▶ INPUT FOR THIS TASK:
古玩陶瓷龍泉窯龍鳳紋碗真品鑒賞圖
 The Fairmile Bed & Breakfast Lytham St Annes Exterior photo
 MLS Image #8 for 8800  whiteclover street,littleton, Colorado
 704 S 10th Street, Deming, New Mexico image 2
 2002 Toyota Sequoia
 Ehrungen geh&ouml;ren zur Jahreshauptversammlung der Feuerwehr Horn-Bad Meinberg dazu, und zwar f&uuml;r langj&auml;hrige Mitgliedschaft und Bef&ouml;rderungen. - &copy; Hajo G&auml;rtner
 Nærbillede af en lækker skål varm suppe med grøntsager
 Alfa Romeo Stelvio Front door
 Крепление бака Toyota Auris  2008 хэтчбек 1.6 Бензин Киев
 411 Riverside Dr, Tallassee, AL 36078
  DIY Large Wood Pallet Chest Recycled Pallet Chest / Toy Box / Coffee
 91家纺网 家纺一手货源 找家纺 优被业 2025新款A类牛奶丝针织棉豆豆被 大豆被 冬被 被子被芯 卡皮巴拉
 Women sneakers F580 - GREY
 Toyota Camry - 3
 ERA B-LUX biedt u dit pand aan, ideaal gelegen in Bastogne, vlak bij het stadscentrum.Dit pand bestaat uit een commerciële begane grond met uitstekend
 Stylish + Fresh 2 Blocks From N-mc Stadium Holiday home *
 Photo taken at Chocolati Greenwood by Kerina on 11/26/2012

▶ EXERCISE OBJECTIVE:
Reproduce every entry above. Make each line identical to the original.

▶ ANSWER BOX:
古玩陶瓷龍泉窯龍鳳紋碗真品鑒賞圖
 The Fairmile Bed & Breakfast Lytham St Annes Exterior photo
 MLS Image #8 for 8800  whiteclover street,littleton, Colorado
 704 S 10th Street, Deming, New Mexico image 2
 2002 Toyota Sequoia
 Ehrungen geh&ouml;ren zur Jahreshauptversammlung der Feuerwehr Horn-Bad Meinberg dazu, und zwar f&uuml;r langj&auml;hrige Mitgliedschaft und Bef&ouml;rderungen. - &copy; Hajo G&auml;rtner
 Nærbillede af en lækker skål varm suppe med grøntsager
 Alfa Romeo Stelvio Front door
 Крепление бака Toyota Auris  2008 хэтчбек 1.6 Бензин Киев
 411 Riverside Dr, Tallassee, AL 36078
  DIY Large Wood Pallet Chest Recycled Pallet Chest / Toy Box / Coffee
 91家纺网 家纺一手货源 找家纺 优被业 2025新款A类牛奶丝针织棉豆豆被 大豆被 冬被 被子被芯 卡皮巴拉
 Women sneakers F580 - GREY
 Toyota Camry - 3
 ERA B-LUX biedt u dit pand aan, ideaal gelegen in Bastogne, vlak bij het stadscentrum.Dit pand bestaat uit een commerciële begane grond met uitstekend
 Stylish + Fresh 2 Blocks From N-mc Stadium Holiday home *
 Photo taken at Chocolati Greenwood by Kerina on 11/26/2012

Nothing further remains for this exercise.